Shop Studios New York City


Shop Studios, New York City is an film production location, multi service art and window design company and home to MOCA which mounts art exhibitions in coordination with its mobile app. Shop studios was founded by Jacques Rosas and his business and life partner Eric Stedding on West 49th street before moving to its current location on West 39th street in the burgeoning Hudson Yards neighborhood. Several major media organizations have filmed in the complex, such as Disney/ABC, NBC and CBS and. In addition Shop Studios has created store windows for Armani Exchange and Yves Saint Laurent.

History

Rosas saved much of his earnings as one of Manhattan's first pedicab drivers and then with his partner Eric Steding, rented a small studio and turned it into a rapidly growing art production company. Eventually they moved the business to a large multistory building on 49th Street before relocating to and even larger one 39th Street West. Several major audiovisual production companies have filmed in the complex, such as Disney, NBC, CBS and ABC. In particular, Shop Studios has set up shop windows for Armani Exchange and Yves Saint Laurent.

In April 2017, a "Pop Up" exhibition produced by Red Splat Productions and Gallery X took place at Shop Studios to present unpublished works by street artist Richard Hambleton a contemporary of Keith Haring and Jean Michel Basquiat. The exhibition was held in conjunction with the 2017 edition of the Tribeca Film Festival and a preview of the documentary "Shadowman".

Founders

Jacques Rosas is an American artist, political activist, entrepreneur and co-founder of the art production company Shop Studios. Rosas lived in Stockton, California until his first school year, when his family moved to Colusa California. He studied at San Joaquin Delta College and at the University of California at Irvine. Rosas started working as a model and actor, but soon turned to a career as an impresario. Openly gay with his family and friends, he remained discreet about his sexual orientation until he was a victim of violence because of it. This beating drew him into political militancy, and also initiated his artistic career. In the 1990s, Rosas worked for the international environmental group Greenpeace, where he focused his efforts on combating the destruction of the ozone layer.

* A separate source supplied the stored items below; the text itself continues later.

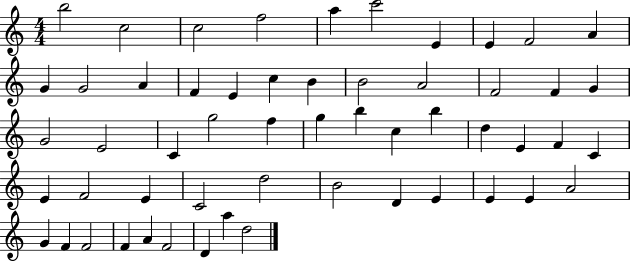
B5/h C5/h C5/h F5/h A5/q C6/h E4/q E4/q F4/h A4/q G4/q G4/h A4/q F4/q E4/q C5/q B4/q B4/h A4/h F4/h F4/q G4/q G4/h E4/h C4/q G5/h F5/q G5/q B5/q C5/q B5/q D5/q E4/q F4/q C4/q E4/q F4/h E4/q C4/h D5/h B4/h D4/q E4/q E4/q E4/q A4/h G4/q F4/q F4/h F4/q A4/q F4/h D4/q A5/q D5/h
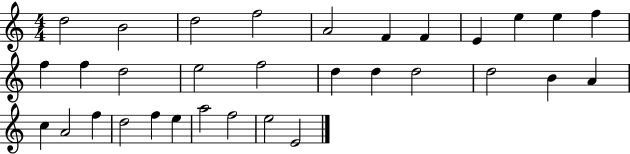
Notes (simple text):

D5/h B4/h D5/h F5/h A4/h F4/q F4/q E4/q E5/q E5/q F5/q F5/q F5/q D5/h E5/h F5/h D5/q D5/q D5/h D5/h B4/q A4/q C5/q A4/h F5/q D5/h F5/q E5/q A5/h F5/h E5/h E4/h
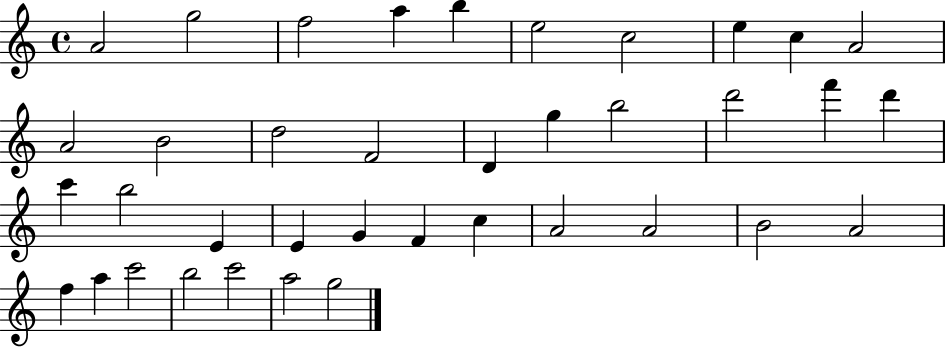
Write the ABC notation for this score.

X:1
T:Untitled
M:4/4
L:1/4
K:C
A2 g2 f2 a b e2 c2 e c A2 A2 B2 d2 F2 D g b2 d'2 f' d' c' b2 E E G F c A2 A2 B2 A2 f a c'2 b2 c'2 a2 g2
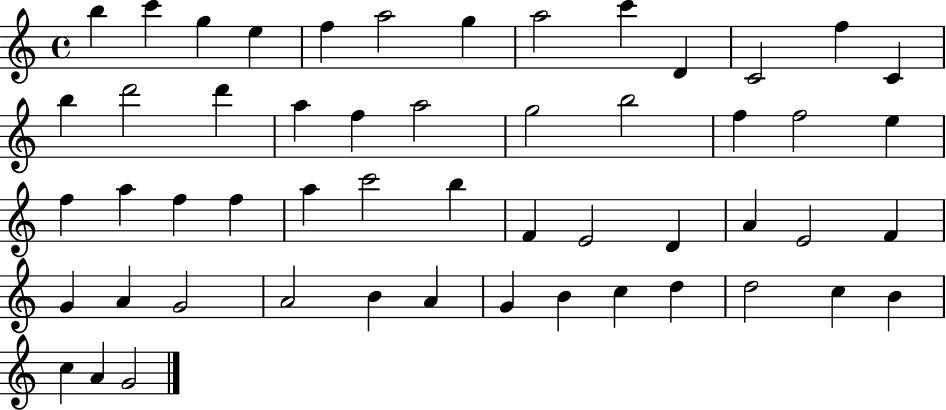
B5/q C6/q G5/q E5/q F5/q A5/h G5/q A5/h C6/q D4/q C4/h F5/q C4/q B5/q D6/h D6/q A5/q F5/q A5/h G5/h B5/h F5/q F5/h E5/q F5/q A5/q F5/q F5/q A5/q C6/h B5/q F4/q E4/h D4/q A4/q E4/h F4/q G4/q A4/q G4/h A4/h B4/q A4/q G4/q B4/q C5/q D5/q D5/h C5/q B4/q C5/q A4/q G4/h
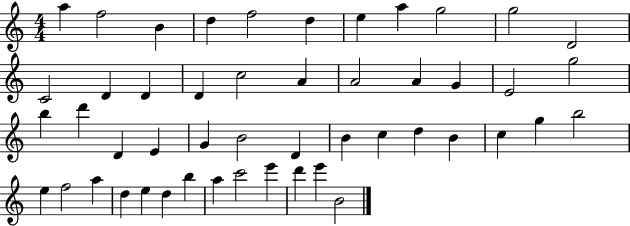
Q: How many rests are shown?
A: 0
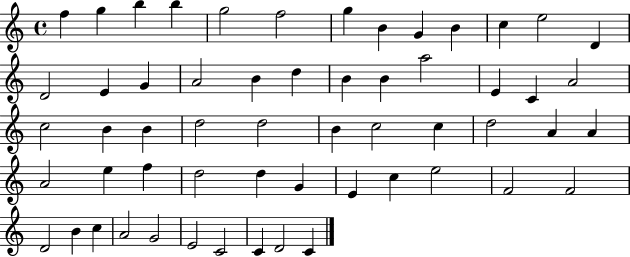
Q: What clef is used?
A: treble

His work with Greenpeace saw him move to New York City. His first partner there was the actor and composer Keith Pruitt, with whom he was again the victim of a violent incident because of his homosexuality. This second event led Rosas to create the urban art project called "Call Me Ishmael", which draws outlines with chalk drawing bodies in places where gays have been assaulted. The second incident of violence suffered by Rosas prevented him from working for Greenpeace, at a juncture at which he was going to collaborate on a new campaign. After his convalescence, he drove one of Manhattan's first pedicabs before co-founding Shop Studios. His most recent work is a series of abstract paintings which use forms and bright colors as well as a series of pop paintings of manhole covers with reliefs of metal joints and painted on. Rosas studied art at the Art Students League of New York and at the Académie de la Grande Chaumière in Paris.
Eric Stedding is an artist and designer who has designed a multiplicity of exhibitions at the Fashion Institute of Technology.